**Exercise**
What you return should match every record exactly, with the images removed.
:: Provided entries ::
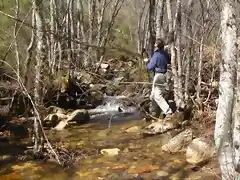 Arroyo de Aguablanca, Velilla (Muelas)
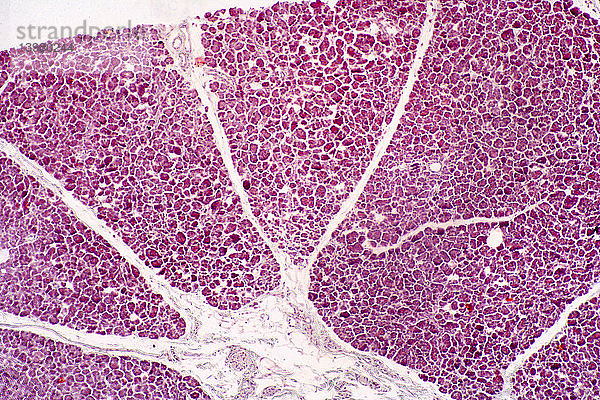 Human Pancreas Section,  LM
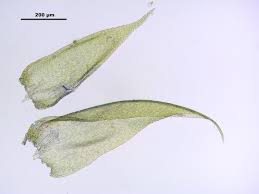 Attēlu rezultāti vaicājumam “Hypnum jutlandicum”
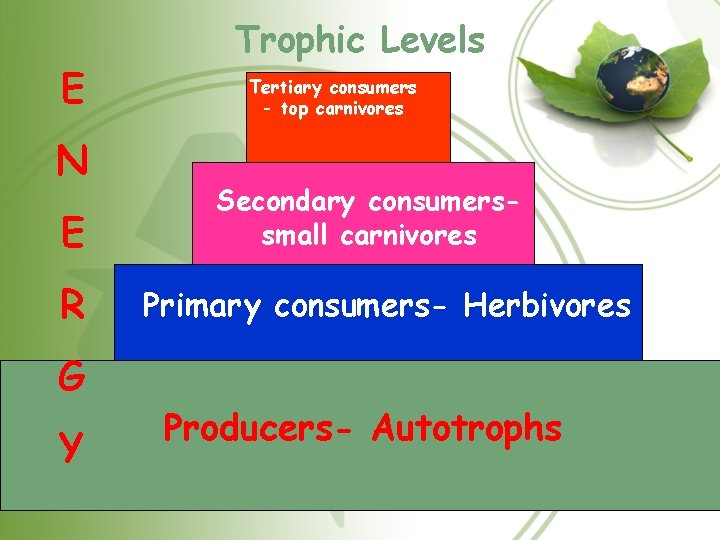 E N E R G Y Trophic Levels Tertiary consumers - top carnivores Secondary E N E R G Y Trophic Levels Tertiary consumers - top carnivores Secondary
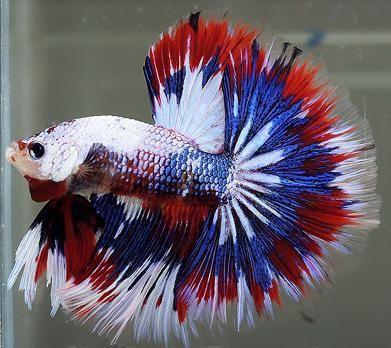 BettaFish_Tanks's tweet photo. The top 7 Betta fish tanks for sale on the market ==> https://t.co/2OyWLUzmRA
#BettaFish #bettafishtank #bettafishy #bettafishofinstagram #bettafishcommunity #bettafishphotography #bettafishindonesia #bettafishkeeper #bettafishofig #bettafishshop #bettafishlove #bettafishes https://t.co/pJjmkZcBWM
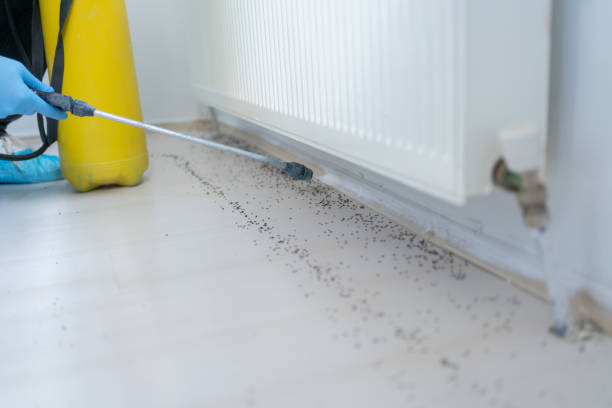 Reliable Chillum, MD Pest Control Solutions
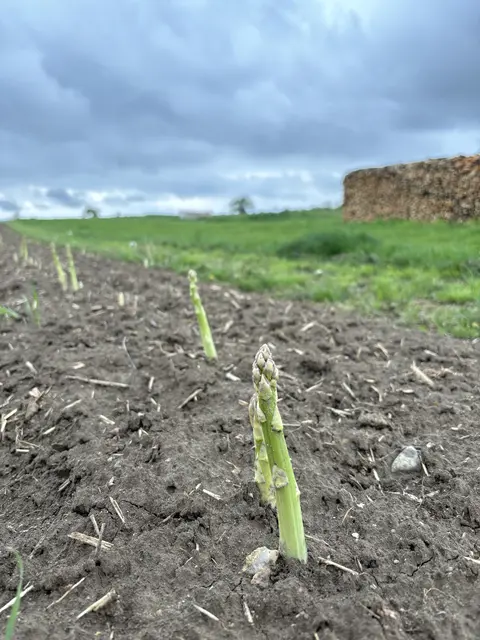 Lokalaugenschein Dienstag, 21. April 10 Uhr in Pöttsching: Die Spargelstangen ragen aus dem lehmigen Boden.  | Foto: MeinBezirk/Barbara Babonitsch-Diewald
:::
**Reply**
 Arroyo de Aguablanca, Velilla (Muelas)
 Human Pancreas Section,  LM
 Attēlu rezultāti vaicājumam “Hypnum jutlandicum”
 E N E R G Y Trophic Levels Tertiary consumers - top carnivores Secondary E N E R G Y Trophic Levels Tertiary consumers - top carnivores Secondary
 BettaFish_Tanks's tweet photo. The top 7 Betta fish tanks for sale on the market ==> https://t.co/2OyWLUzmRA
#BettaFish #bettafishtank #bettafishy #bettafishofinstagram #bettafishcommunity #bettafishphotography #bettafishindonesia #bettafishkeeper #bettafishofig #bettafishshop #bettafishlove #bettafishes https://t.co/pJjmkZcBWM
 Reliable Chillum, MD Pest Control Solutions
 Lokalaugenschein Dienstag, 21. April 10 Uhr in Pöttsching: Die Spargelstangen ragen aus dem lehmigen Boden.  | Foto: MeinBezirk/Barbara Babonitsch-Diewald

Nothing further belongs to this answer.